Heads up to all you Southern Ohio river and stream fanatics, Massie Creek Gorge is a must see if you really want to understand our rivers and streams. Everything that makes our streams special all concentrated in one location. Glacial melt? check. Spectacular scenery? check. Compelling local history? check. Indian mounds and earthworks? Old mills? Jokulhlaups? Adena? End moraine? Check, check, check. Wait, a jokulhlaup? What's a jokulhlaups? One of those animals in a Dr Seus story? One of those bad taxidermy experiments using using rabbit and antelope parts? Nope, a jokulhlaup is the sudden, violent and short-lived increase in discharge of glacial meltwater. That's the cool part about lots of places in the Little Miami watershed like Massie Creek, or Glen Helen, or Clifton Gorge or Siebenthaler Fen, they expand your mind. You end up googling things you would have never in a million years looked up otherwise. 
You see our geography is a little more involved than most. It isn't the typical water as rain forms little streams that cut their way down to form valleys and combine to form bigger streams the way we all think these things work. 
Instead starting about 300,000 years ago, much of Ohio was covered several times by massive sheets of glacial ice that expanded from the north. The most recent advance of ice, the Wisconsinan, arrived from Canada about 24,000 years ago and lasted until about 14,000 years ago. Some of these were a mile thick! And these giant sheets of ice bulldozed everything in their path creating the flat cornfield country we see in the central part of the state. And as they melted and expanded things got a little wild. You have probably seen those ice caves and under the glacier streams on the Discovery Channel associated with modern glaciers? Picture those on a grand scale, and giant temporary lakes  of dammed up water and huge floods when the ice dams broke. Giant rivers like the  ancient Teays River were formed and then wiped back out again. That's why so many of our streams in southern Ohio seem backward, with the steep hillsides you normally see in the headwaters of streams in the lower portion of the stream and the flat country you normally see in the lower portion of  stream in the headwaters. And connecting the two are places like Massie Creek gorge, Clifton Gorge, Fort Ancient gorge etc. And that's just in the Little Miami watershed they are found all over southern Ohio on streams like Rocky Fork, Paint Creek or in the spectacular scenery at Hocking Hills and on and on. 

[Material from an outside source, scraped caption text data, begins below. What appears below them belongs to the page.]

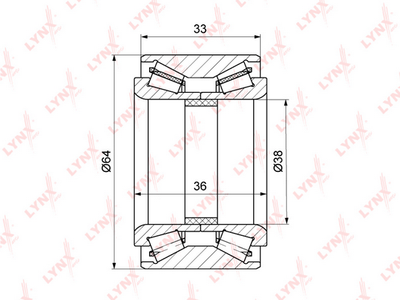 Подшипник ступицы GMB GH0028R0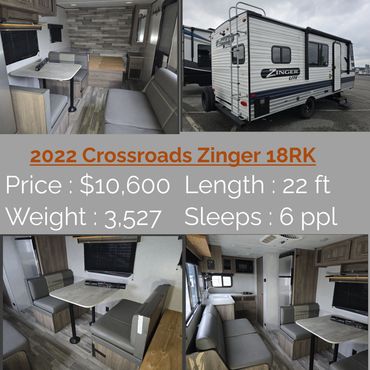 Zinger lightweight camper - affordable RV rental option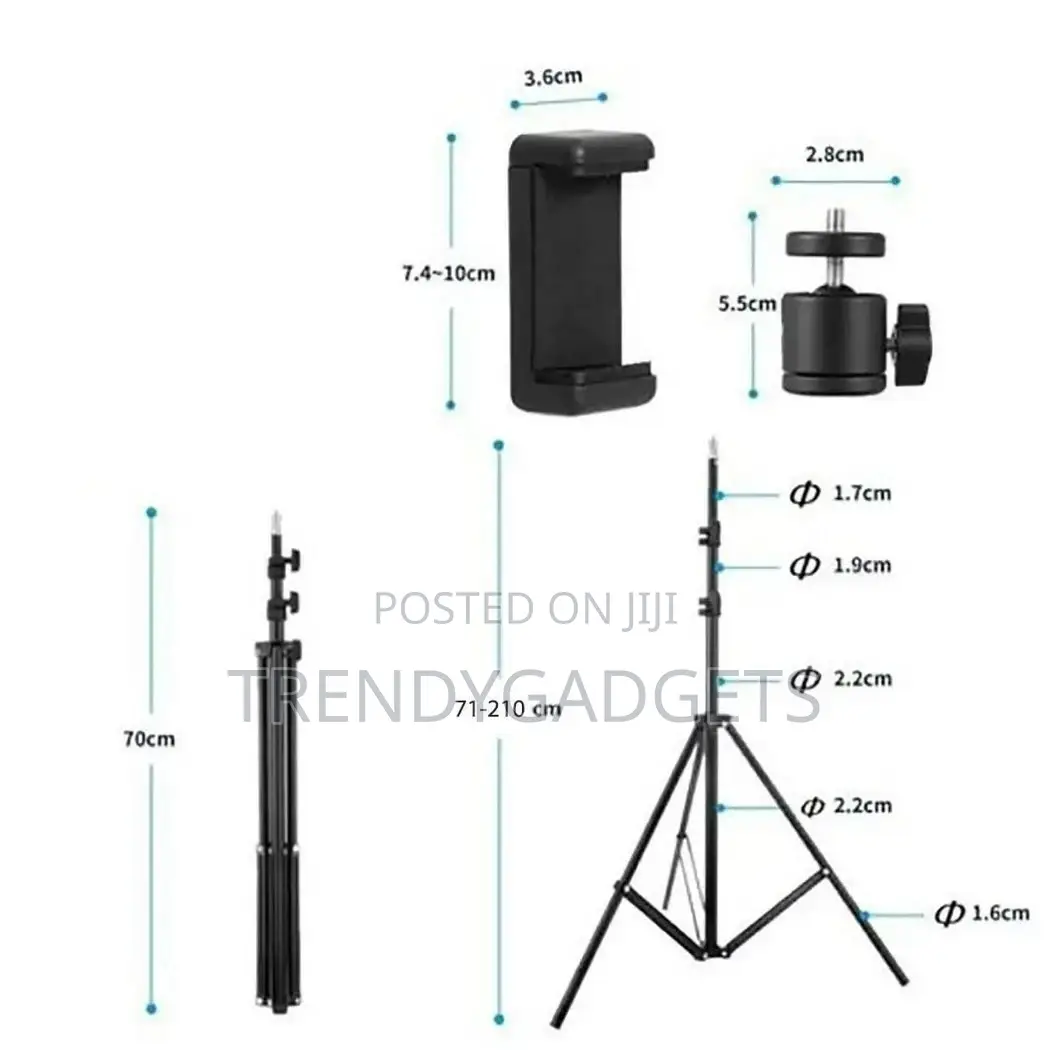 2.1m Tripod Stand Mobile Phone Holder With Remote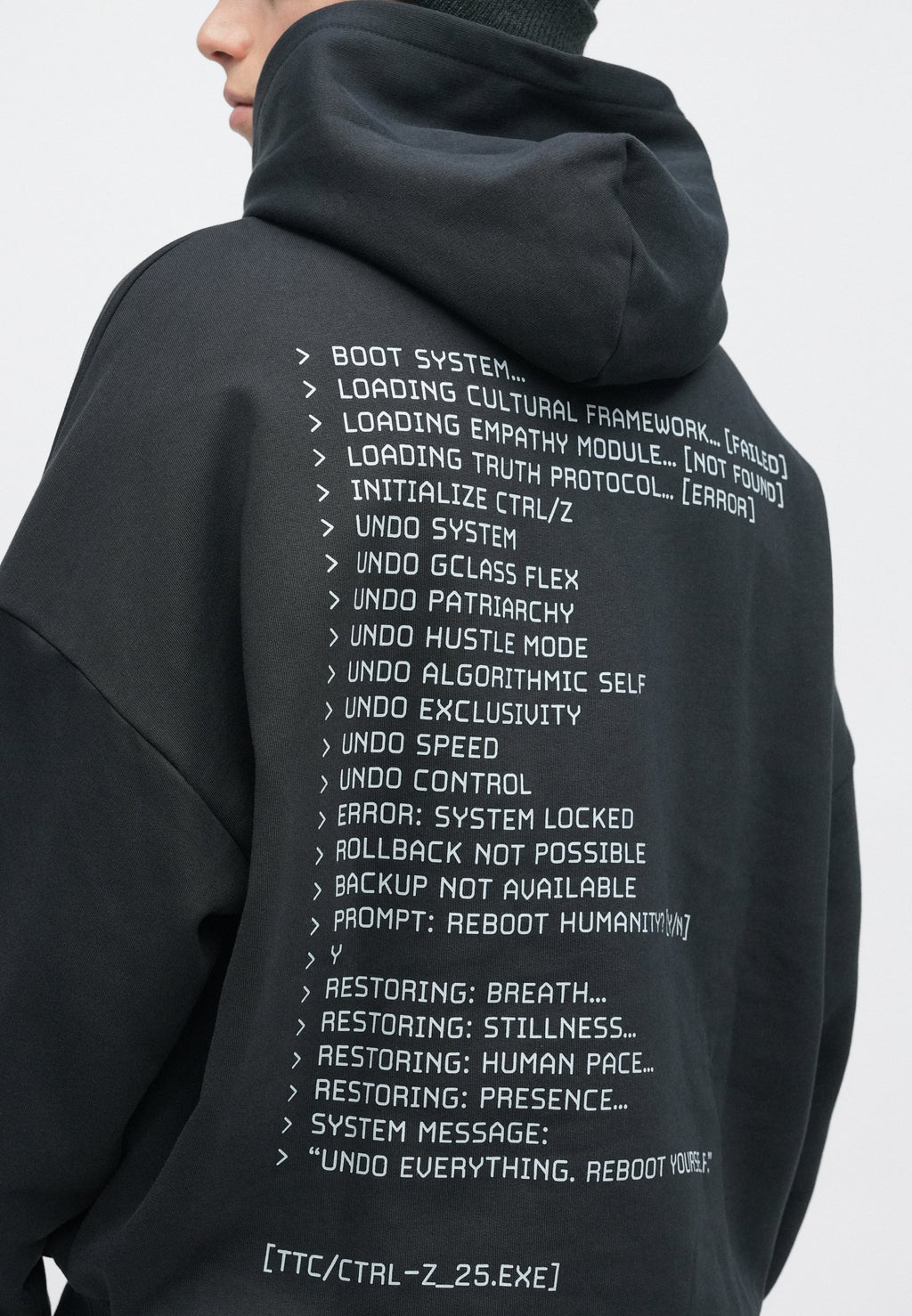 The Tracksuit Club HOODIE UNDO SOCIETY UNISEX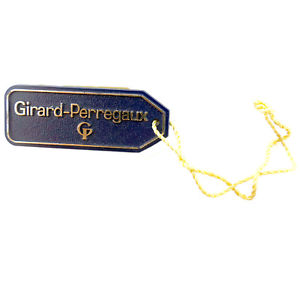 【送料無料】authentic girardperregaux navy blue watch tag in great condition 【送料無料】authentic girardperregaux navy blue watch tag in great condition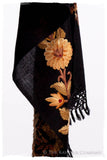 Oiseaux de Paradis Noir Gift Shawl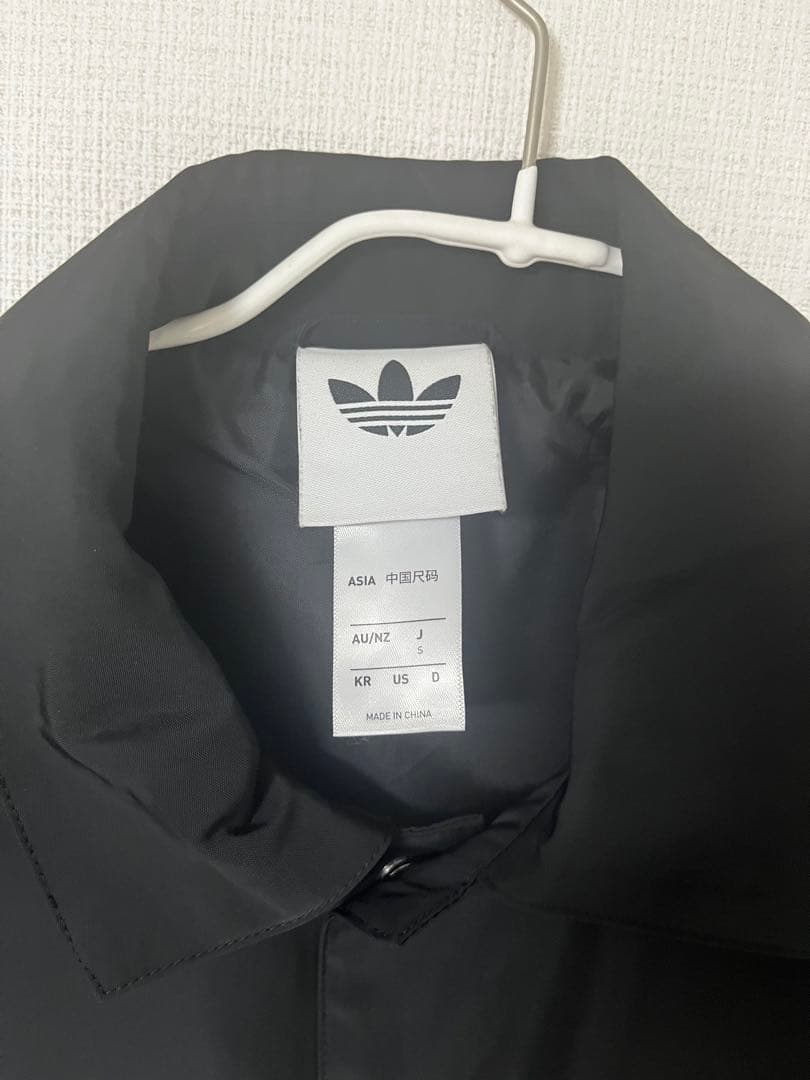 adidas oasis coach jacket Black Sサイズ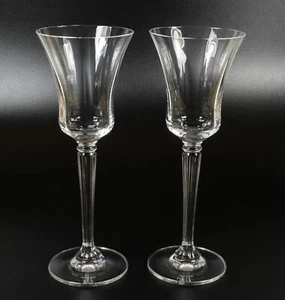 Pair of Lauren Ralph Lauren Stemmed Wine Glasses 8½" high Garland Pattern Set 2 - Picture 1 of 5
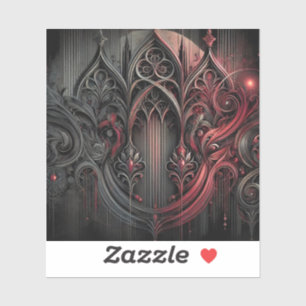 Maßgeschneiderte Vinyl Sticker - Gothic Black and 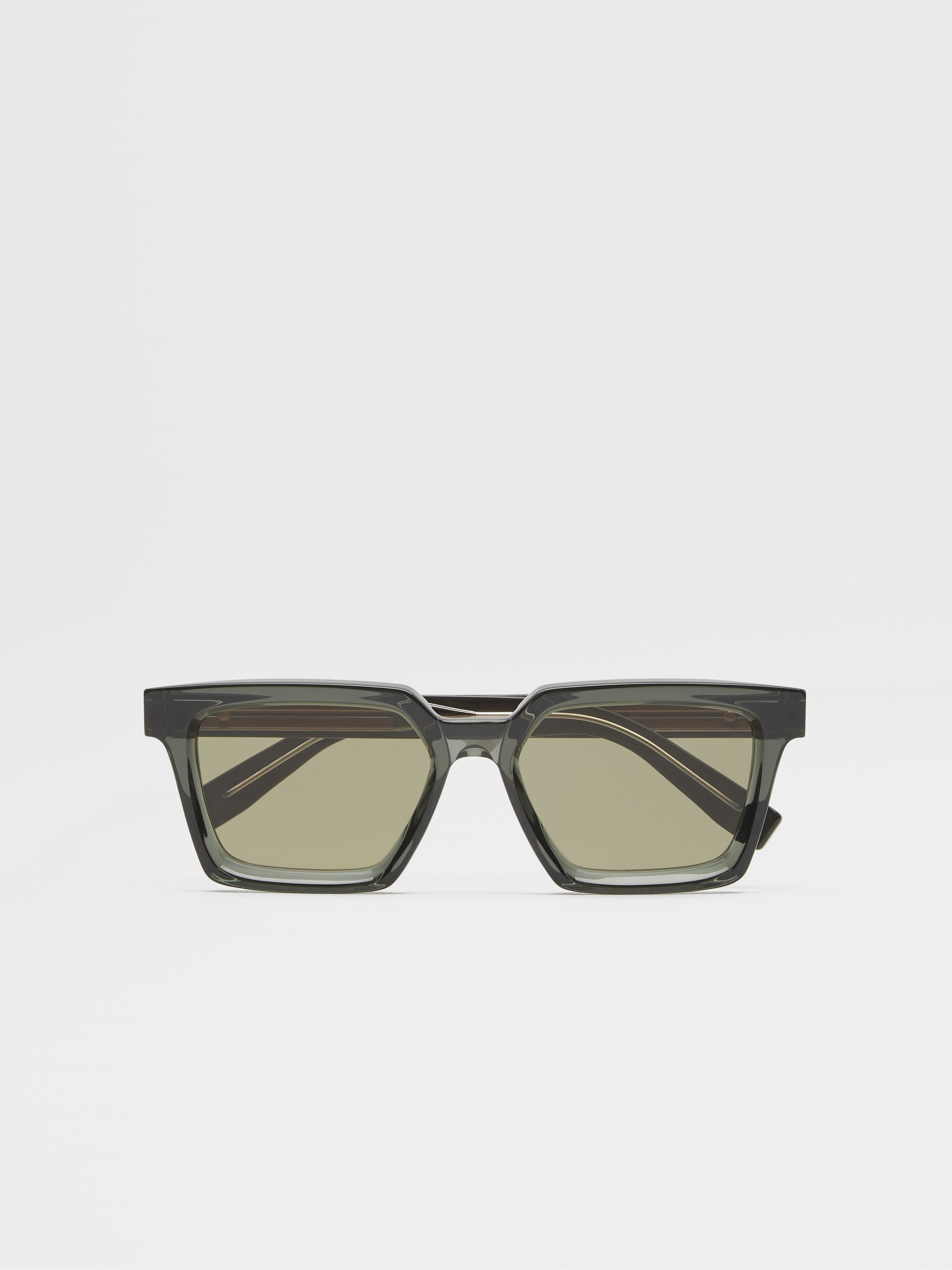 TRANSPARENT GREY ACETATE SUNGLASSES - 1
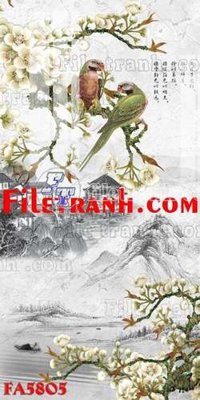 File tranh File gốc in bộ tranh decor treo tráng gương canvas FA5805 (gốc) chủ đề tĩnh vật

And it's not just geology that makes Massie Creek so interesting. There is the tall Williamson Mound, thought to be an Adena Mound built between 500 BC and 100 AD. It stands about 30' high and is 140' in diameter. Then there is the Pollock Works. The Pollock Works is a Hopewell culture (100 BC - AD 500) ceremonial center. It consists of a series of earthen embankments ranging from three to ten feet in height that partially enclose a large, 120-acre, plateau located along Massie Creek. AND...on top of the walls there is evidence that there was a wooden stockade built atop the walls. Maybe it was a bit of a fort as well? Th jury is still out a bit. It seems there was layer upon layer of Native American people using the site over thousands of years. And the history keeps coming. That big waterfall you see by the upper parking lot. Well look close in times of low water. Most of Cedar Cliff Falls is manmade though you would never know it. It was actually built to harness the creek to power several mills way back in the day. If you look closely there are signs of past mills and other remains of early settlers all along the trail following the creek. Also in three places on the day these photos were taken water just spouted from the dolomite cliffs that line the creek like water from  garden hose from some of the multitude of springs in the area. Like I said a little bit of everything compressed into one spot. And the woods was filled with wildflowers inbloom.  If you haven't been there and love the outdoors, Massie Creek Gorge is well worth spending some quality time at.